INFORMATION SUPPLIED Start Marker

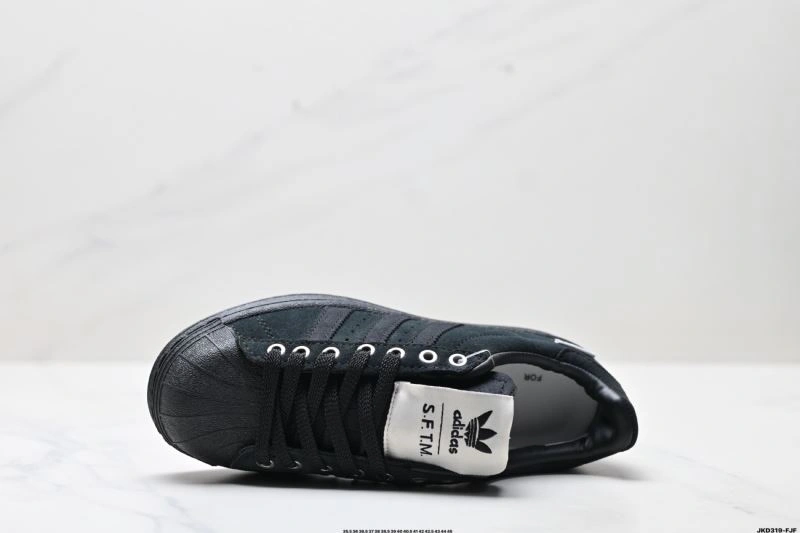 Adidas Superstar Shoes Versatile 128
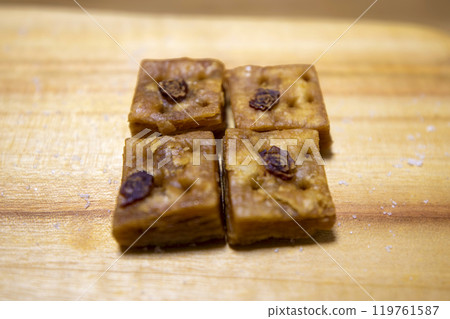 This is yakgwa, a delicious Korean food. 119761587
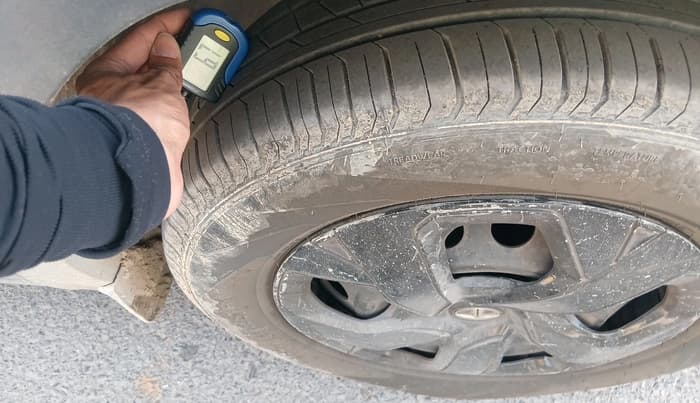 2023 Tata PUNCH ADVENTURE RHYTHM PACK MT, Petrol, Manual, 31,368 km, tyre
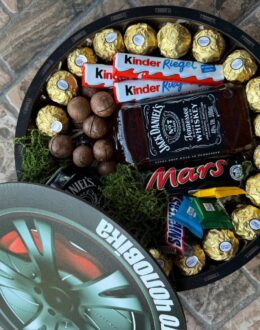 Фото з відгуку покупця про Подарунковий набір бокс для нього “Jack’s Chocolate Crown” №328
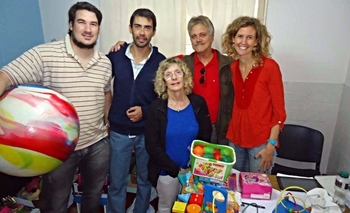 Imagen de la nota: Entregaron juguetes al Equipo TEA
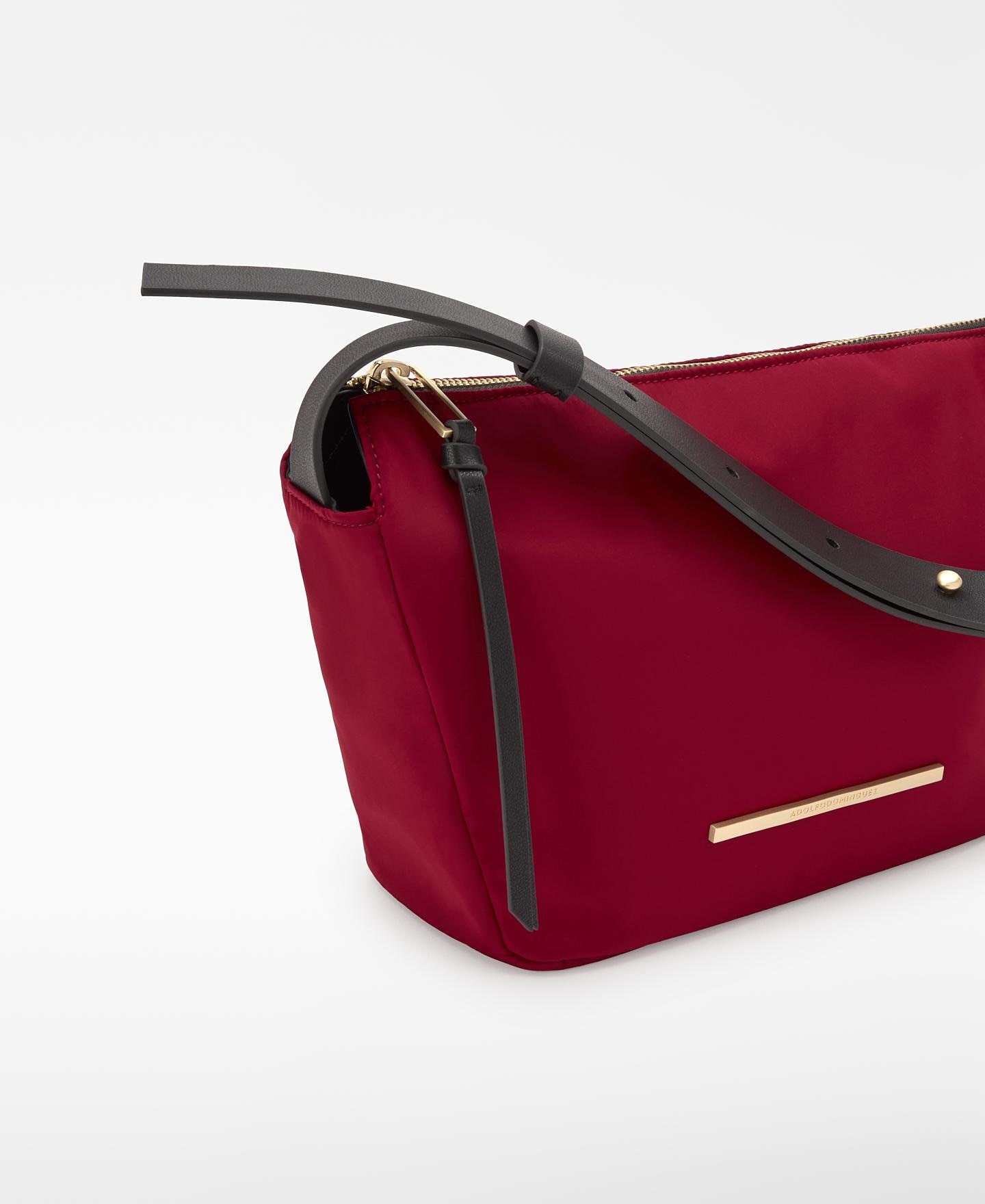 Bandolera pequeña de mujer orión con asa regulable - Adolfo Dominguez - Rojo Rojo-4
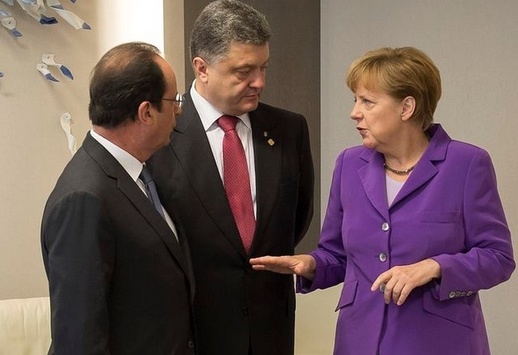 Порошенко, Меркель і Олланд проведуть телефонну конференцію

INFORMATION SUPPLIED End Marker

- TASK GOAL
Without the pictures, retype exactly the lines from the one that holds "Фото з відгуку" to the last line of the data above, both of them included.

- TASK SOLUTION
 Фото з відгуку покупця про Подарунковий набір бокс для нього “Jack’s Chocolate Crown” №328
 Imagen de la nota: Entregaron juguetes al Equipo TEA
 Bandolera pequeña de mujer orión con asa regulable - Adolfo Dominguez - Rojo Rojo-4
 Порошенко, Меркель і Олланд проведуть телефонну конференцію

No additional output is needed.